3 Visualization Use Cases and Discussion 


Two types of visualizations are introduced here, together with preliminary use cases to 
illustrate their extensive applicability. First, a hierarchical view groups nodes by 
granularity level (i.e., document, paragraph, and sentence), followed by the rendering 
of different types of links from the MD-CNA graph using a tree-structure of discourse 
(see Fig. 1). The corresponding use case explores differences between high-low 
cohesion documents from the study performed by McNamara, Louwerse, McCarthy 
and Graesser [11]. All types of links are filtered within the rendered visualizations by 
minimum similarity thresholds available for each type of link. These values can be 
easily adjusted within the user interface. For this use case, topic overlap was set at 0.4, 
content overlap was established at 0.3, and high level of semantic similarity (0.7) was 
imposed. 

Sentences from the same paragraph share its color. The size of each node is 
proportional to its semantic degree — i.e., the sum of all in-bound and out-bound 
semantic links above a statically imposed threshold, which ensures a sufficiently high 
semantic relatedness based on the context and readers (for Fig. 1, we considered the 
average plus standard deviation of all links, at each analysis level). On mouse-over, the 
link is colored in red, and a tooltip is displayed containing relevant details, including: 
link type, inter-connected text elements, similarity value (for content and semantic 
links) or pairs within the coreference cluster identified between the two nodes.

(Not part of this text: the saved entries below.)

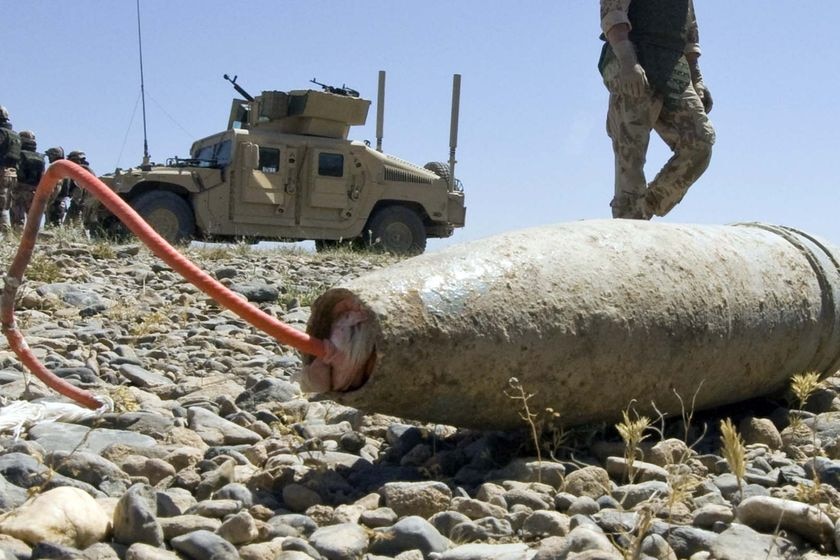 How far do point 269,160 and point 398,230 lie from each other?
243cm

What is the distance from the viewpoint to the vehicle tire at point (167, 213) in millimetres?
13682

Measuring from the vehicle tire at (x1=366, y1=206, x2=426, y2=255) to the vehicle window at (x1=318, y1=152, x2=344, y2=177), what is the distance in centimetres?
103

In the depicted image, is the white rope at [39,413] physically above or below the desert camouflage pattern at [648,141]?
below

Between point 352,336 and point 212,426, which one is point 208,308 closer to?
point 212,426

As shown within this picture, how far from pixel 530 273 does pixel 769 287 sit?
3.10ft

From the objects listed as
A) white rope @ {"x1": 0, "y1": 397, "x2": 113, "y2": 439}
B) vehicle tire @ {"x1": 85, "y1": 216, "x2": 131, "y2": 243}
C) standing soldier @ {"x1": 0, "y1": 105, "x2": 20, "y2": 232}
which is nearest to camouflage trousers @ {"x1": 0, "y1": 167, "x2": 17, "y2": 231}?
standing soldier @ {"x1": 0, "y1": 105, "x2": 20, "y2": 232}

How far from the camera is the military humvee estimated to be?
1402 centimetres

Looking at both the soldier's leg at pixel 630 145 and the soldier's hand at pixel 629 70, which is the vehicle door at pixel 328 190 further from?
the soldier's hand at pixel 629 70

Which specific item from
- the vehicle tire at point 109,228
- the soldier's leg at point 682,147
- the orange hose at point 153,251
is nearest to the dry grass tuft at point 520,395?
the orange hose at point 153,251

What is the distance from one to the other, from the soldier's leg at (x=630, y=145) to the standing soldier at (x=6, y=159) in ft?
35.4

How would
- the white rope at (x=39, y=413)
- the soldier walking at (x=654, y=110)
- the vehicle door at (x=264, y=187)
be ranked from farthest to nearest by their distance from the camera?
the vehicle door at (x=264, y=187), the soldier walking at (x=654, y=110), the white rope at (x=39, y=413)

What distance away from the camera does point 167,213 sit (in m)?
13.9

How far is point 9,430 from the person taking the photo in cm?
288

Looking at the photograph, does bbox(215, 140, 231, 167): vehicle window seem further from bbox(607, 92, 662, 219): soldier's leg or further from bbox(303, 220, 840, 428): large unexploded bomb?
bbox(303, 220, 840, 428): large unexploded bomb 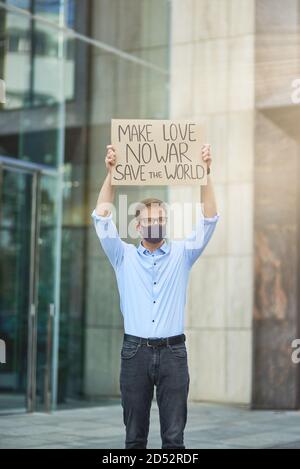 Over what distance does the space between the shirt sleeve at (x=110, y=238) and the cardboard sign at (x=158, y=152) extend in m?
0.34

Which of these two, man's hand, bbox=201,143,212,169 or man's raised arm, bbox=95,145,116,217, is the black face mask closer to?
man's raised arm, bbox=95,145,116,217

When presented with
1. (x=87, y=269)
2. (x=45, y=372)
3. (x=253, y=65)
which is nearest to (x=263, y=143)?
(x=253, y=65)

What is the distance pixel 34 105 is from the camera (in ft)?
38.1

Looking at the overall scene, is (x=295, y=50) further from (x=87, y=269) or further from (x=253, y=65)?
(x=87, y=269)

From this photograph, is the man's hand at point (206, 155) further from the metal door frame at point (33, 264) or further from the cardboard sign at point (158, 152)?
the metal door frame at point (33, 264)

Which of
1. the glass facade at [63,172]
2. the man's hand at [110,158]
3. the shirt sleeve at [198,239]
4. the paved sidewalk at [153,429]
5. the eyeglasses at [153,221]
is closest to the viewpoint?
the eyeglasses at [153,221]

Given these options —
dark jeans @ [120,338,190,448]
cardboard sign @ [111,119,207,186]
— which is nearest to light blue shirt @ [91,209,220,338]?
dark jeans @ [120,338,190,448]

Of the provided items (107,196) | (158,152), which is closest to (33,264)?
(158,152)

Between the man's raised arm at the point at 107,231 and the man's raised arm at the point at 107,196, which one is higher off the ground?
the man's raised arm at the point at 107,196

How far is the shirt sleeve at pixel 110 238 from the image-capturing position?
520 cm

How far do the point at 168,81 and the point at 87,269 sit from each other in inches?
120

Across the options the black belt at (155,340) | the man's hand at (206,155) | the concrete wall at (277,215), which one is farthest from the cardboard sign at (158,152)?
the concrete wall at (277,215)

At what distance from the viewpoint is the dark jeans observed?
501cm

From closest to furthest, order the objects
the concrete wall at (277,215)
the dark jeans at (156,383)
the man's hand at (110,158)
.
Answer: the dark jeans at (156,383)
the man's hand at (110,158)
the concrete wall at (277,215) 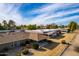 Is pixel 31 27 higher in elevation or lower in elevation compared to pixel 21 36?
higher

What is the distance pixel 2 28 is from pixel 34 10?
1.33 metres

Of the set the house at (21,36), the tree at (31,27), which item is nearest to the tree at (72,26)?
the house at (21,36)

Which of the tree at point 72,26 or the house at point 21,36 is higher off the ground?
the tree at point 72,26

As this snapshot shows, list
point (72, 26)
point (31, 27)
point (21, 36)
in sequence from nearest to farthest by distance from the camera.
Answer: point (72, 26) < point (31, 27) < point (21, 36)

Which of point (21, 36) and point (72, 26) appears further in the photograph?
point (21, 36)

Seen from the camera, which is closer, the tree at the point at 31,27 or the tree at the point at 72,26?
the tree at the point at 72,26

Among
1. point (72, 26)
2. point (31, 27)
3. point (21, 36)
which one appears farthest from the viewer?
point (21, 36)

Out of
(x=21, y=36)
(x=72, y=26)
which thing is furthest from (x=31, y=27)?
(x=72, y=26)

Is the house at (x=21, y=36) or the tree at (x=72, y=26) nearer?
the tree at (x=72, y=26)

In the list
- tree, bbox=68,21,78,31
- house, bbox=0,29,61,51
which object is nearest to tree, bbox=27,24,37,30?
house, bbox=0,29,61,51

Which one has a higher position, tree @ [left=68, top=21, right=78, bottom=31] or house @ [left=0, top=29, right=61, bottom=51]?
tree @ [left=68, top=21, right=78, bottom=31]

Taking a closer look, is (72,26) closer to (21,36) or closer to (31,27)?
(31,27)

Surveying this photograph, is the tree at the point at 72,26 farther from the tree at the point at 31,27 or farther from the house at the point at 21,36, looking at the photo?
the tree at the point at 31,27

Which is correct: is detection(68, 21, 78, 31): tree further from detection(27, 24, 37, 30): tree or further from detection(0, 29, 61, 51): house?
detection(27, 24, 37, 30): tree
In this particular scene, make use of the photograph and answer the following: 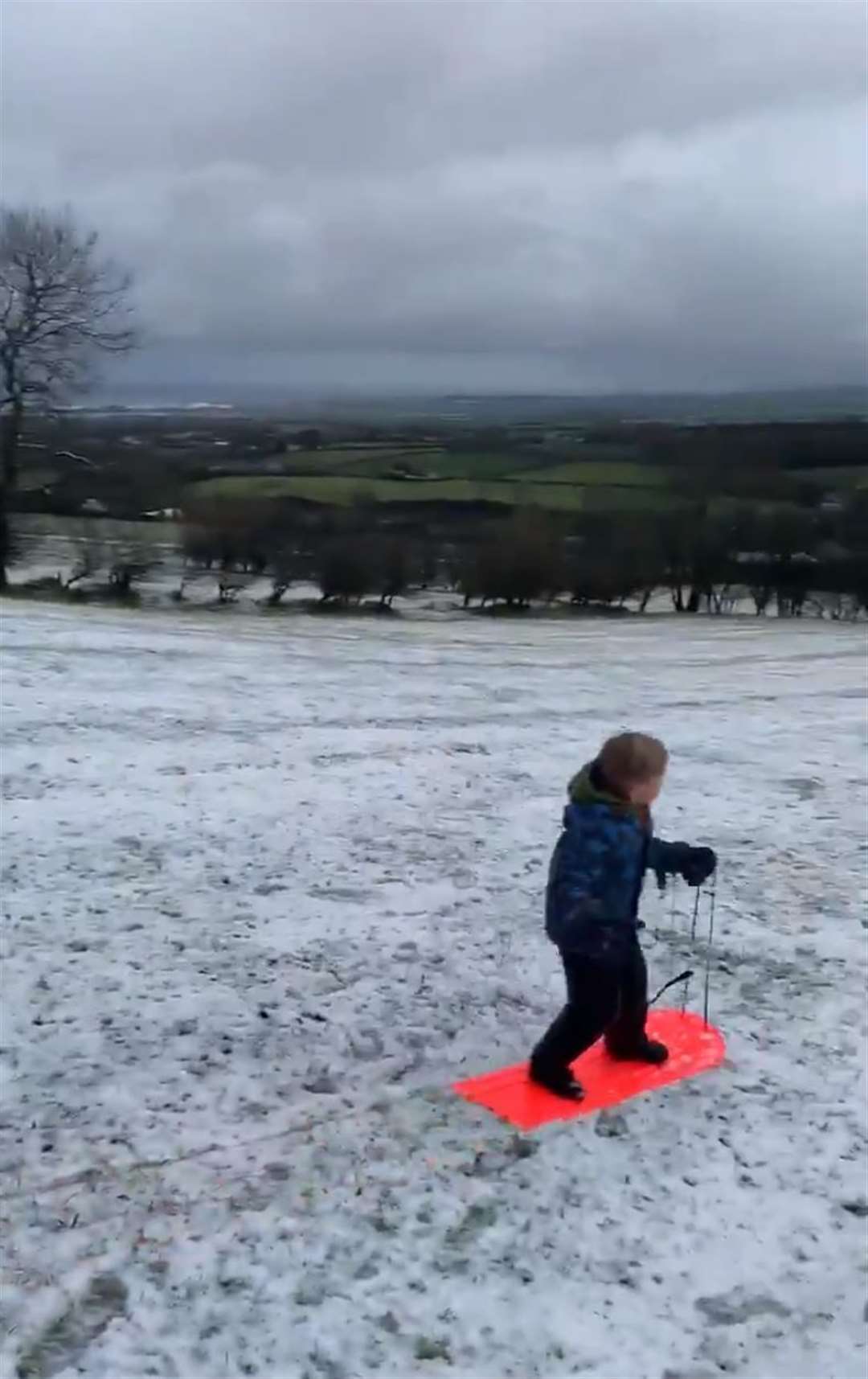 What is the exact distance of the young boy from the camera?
189 inches

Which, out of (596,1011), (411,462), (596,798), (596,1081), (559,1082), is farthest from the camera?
(411,462)

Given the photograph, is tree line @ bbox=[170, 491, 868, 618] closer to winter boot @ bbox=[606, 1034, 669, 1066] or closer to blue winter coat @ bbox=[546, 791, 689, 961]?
winter boot @ bbox=[606, 1034, 669, 1066]

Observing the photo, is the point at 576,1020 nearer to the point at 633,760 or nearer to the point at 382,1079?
the point at 382,1079

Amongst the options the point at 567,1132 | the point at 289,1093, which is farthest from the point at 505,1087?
the point at 289,1093

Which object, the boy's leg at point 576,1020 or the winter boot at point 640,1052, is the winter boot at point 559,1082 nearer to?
the boy's leg at point 576,1020

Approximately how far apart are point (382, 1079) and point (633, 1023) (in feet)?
3.65

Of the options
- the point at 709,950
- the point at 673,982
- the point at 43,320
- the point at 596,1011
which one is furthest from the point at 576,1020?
the point at 43,320

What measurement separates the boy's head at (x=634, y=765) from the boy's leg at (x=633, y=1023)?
30.4 inches

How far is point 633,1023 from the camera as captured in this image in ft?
18.1

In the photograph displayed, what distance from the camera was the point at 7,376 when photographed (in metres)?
28.3

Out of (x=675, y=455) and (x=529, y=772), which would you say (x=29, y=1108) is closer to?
(x=529, y=772)

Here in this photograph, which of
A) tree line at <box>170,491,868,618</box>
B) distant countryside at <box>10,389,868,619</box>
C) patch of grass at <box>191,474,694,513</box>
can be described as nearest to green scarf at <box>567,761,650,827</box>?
distant countryside at <box>10,389,868,619</box>

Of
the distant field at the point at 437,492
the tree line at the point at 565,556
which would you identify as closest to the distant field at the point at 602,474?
the distant field at the point at 437,492

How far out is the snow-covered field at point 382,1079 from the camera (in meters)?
4.13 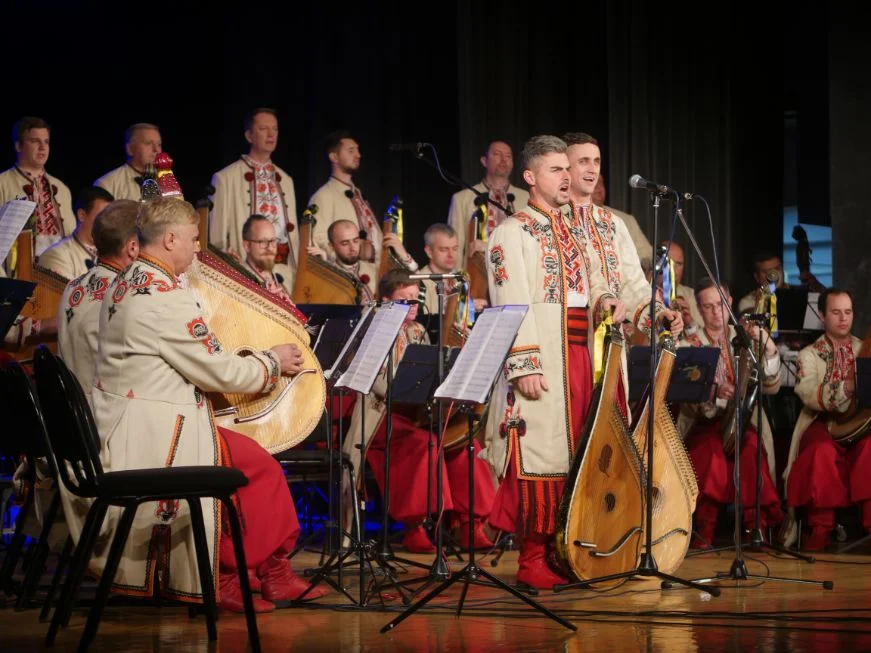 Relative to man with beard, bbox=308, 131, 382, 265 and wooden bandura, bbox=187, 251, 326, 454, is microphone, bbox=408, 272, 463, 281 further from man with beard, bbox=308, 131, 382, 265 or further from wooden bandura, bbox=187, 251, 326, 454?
man with beard, bbox=308, 131, 382, 265

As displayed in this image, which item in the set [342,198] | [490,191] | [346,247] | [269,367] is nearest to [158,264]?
[269,367]

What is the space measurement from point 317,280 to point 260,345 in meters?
2.90

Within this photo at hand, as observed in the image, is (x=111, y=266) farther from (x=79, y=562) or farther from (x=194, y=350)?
(x=79, y=562)

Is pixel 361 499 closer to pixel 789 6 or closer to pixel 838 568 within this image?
pixel 838 568

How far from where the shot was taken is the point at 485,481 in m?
7.23

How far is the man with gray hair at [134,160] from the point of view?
8.08 metres

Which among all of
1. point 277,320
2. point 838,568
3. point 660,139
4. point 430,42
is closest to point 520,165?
point 277,320

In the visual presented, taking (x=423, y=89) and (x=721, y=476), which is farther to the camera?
(x=423, y=89)

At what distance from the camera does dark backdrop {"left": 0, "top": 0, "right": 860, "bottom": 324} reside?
10180 millimetres

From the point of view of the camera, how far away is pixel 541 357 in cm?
550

The text 
from Fig. 1.a has low cohesion — only 2 semantic links are above the imposed 
threshold (i.e., links between sentences 1.1—1.4, and 1.6—1.9 respectively). The text was 
modified to increase its cohesion and, as expected, there are considerably more links (2 
versus 4 topic overlap links, 6 versus 6 content overlap links, 6 versus 14 semantic 
links, and 3 versus 8 coreference links; 17 versus 32 total links), covering more text 
elements which are distributed throughout the entire document. Moreover, the semantic 
degree of most nodes is higher, mainly in the first 2 paragraphs. 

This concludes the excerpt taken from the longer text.